### Aim of the exercise
Your task is to transcribe all of the data below exactly, omitting the images.

### Exercise data
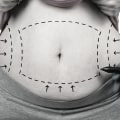 Exploring Non-Surgical Options for Liposuction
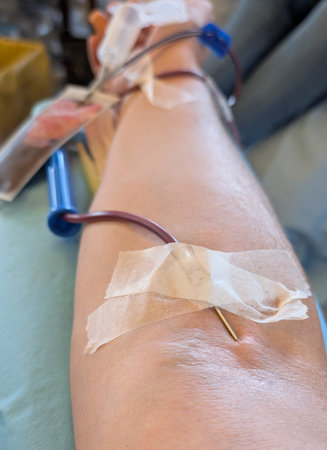 Hospital Healthcare with Patients Arm Undergoing Essential Blood Draw with Needle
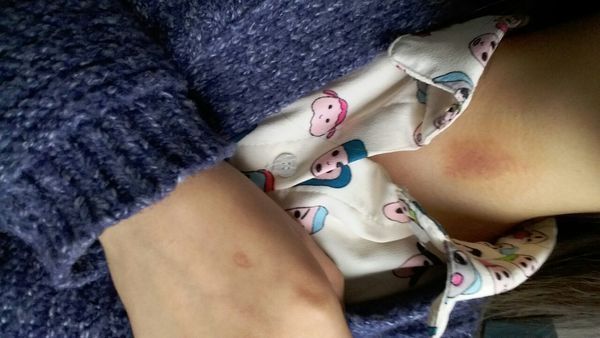 这样的吻痕几天才能消除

### Result of this exercise
 Exploring Non-Surgical Options for Liposuction
 Hospital Healthcare with Patients Arm Undergoing Essential Blood Draw with Needle
 这样的吻痕几天才能消除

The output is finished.